I think this points to a serious firmware problem.

The even bigger question is, how to get Keithley's attention?  So far they have been pretty much ignoring bugs I send them.

[ManateeMafia]

I would consider getting your list of issues together and then post them on the Keithley forum. The questions/concerns are usually handled by a Dale C.

Post a link back to EEVblog, if it is possible, to show the issues you are describing. They may be willing to discuss what you are seeing and having it posted on their forum makes it more visible to the company.

[HighVoltage]

I have issues with Keithley DMM7510, 2450 and 2460 SMU and it took forever to even get a response. At the end I was told that with a new FW update, these issues would be solved.

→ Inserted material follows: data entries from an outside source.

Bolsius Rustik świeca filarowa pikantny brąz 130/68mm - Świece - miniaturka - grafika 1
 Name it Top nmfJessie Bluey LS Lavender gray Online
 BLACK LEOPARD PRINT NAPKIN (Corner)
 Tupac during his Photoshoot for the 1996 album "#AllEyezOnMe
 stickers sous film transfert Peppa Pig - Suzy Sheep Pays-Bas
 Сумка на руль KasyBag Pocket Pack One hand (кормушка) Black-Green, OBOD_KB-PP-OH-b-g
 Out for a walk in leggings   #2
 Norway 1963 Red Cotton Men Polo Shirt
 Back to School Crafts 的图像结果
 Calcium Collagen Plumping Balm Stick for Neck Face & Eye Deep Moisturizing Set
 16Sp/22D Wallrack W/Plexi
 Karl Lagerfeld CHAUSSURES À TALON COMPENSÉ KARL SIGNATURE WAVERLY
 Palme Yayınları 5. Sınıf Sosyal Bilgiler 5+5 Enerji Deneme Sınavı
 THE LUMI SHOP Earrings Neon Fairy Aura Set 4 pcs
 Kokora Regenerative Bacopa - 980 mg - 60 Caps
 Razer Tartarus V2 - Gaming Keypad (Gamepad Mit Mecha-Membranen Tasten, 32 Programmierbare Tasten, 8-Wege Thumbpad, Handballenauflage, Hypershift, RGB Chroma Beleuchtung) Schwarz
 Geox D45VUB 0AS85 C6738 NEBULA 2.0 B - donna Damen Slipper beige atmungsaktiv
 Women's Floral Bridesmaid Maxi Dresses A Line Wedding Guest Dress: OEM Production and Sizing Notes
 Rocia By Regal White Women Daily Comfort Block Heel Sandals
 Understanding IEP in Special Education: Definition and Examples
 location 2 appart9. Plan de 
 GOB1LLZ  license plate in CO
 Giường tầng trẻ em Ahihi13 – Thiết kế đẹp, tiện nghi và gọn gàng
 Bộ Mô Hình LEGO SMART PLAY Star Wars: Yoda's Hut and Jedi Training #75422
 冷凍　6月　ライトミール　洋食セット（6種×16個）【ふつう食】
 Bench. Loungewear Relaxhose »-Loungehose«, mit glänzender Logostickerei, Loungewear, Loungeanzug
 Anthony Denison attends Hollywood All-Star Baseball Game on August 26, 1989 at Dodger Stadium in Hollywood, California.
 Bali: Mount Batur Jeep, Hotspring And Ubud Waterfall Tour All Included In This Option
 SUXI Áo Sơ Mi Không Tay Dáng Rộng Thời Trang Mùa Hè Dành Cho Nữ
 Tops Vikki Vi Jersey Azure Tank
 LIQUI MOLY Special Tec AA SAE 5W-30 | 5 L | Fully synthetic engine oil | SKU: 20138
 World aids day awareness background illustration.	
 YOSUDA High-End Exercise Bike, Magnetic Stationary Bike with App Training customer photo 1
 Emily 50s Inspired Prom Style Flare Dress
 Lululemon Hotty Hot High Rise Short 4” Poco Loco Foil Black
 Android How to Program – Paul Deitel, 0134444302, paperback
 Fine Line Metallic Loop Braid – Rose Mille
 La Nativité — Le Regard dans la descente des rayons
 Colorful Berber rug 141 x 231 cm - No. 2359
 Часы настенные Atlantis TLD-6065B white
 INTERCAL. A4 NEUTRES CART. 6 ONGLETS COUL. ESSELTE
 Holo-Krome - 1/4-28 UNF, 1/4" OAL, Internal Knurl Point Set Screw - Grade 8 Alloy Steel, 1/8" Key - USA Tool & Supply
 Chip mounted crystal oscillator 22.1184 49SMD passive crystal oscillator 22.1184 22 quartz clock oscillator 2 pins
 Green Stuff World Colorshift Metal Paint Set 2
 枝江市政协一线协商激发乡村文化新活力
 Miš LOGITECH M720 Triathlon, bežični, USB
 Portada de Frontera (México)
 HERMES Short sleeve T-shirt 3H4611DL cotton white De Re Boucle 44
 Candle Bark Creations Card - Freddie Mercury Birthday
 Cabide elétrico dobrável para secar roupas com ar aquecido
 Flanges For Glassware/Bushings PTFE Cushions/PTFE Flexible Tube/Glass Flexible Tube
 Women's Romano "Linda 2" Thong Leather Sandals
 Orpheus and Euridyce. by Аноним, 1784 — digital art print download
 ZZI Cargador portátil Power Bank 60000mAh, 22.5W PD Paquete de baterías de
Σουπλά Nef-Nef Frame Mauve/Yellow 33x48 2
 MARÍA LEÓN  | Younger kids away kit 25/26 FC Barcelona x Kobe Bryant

Who knows when that will happen.

To compile all new Keithley problems, I have opened a new thread:
https://www.eevblog.com/forum/testgear/keithley-dmm7510-smu-2450-2460-problems/

May be we can help Keithley in fixing these problems.

[Kleinstein]

The relatively high noise of the DMM7510 in the 2 s to 30 s range is likely due to a problem in the software. Having nearly the same noise without AZ active in the range shows that for some reason AZ is not able to suppress the 1/f type of noise. At 10 PLC and short times the AZ mode is also higher in noise than expected: one would expect a factor of 1.4 (about what is seen at 1 PLC), but at 10 PLC this looks even more. This suggests they are trying a kind of extrapolation and not averaging for the zero measurement. Heavy averaging would have caused the extra low frequency noise, but at least with the advantage of lower noise at short time scale. The data without AZ don't look so bad that extrapolation would do any good (except maybe under fast changing temperature).

It is not a really serious problem, but it is kind of a shame if a poor firmware degrades the possible performance. The good thing is that this problem should be relatively easy to fix, once they are willing to do so.

The second point the data show is that there is quite some 1/f type noise coming from the ADC itself (not the input amplifier) - this indicate there might also be a potential for an HW update (e.g. better OP in the integrator). So other DMMs might had the same weakness in the software (the data for the 2002 somewhat suggest that), but only the high 1/f noise from the ADC make the weakness so obvious.

The glitches / steps during the measurement with high temperature change rate could be due to automatic internal gain calibrations. It is expected that on changing temperature the will be extra cycles of measuring the internal ref. (e.g. 7 V) to compensate for gain drift. These could cause some minor upset for the AZ measurements. Overall it does not look that bad given the hard conditions. Though there might be similar adjustments under normal conditions as well - only less frequent (and smaller if made the right way).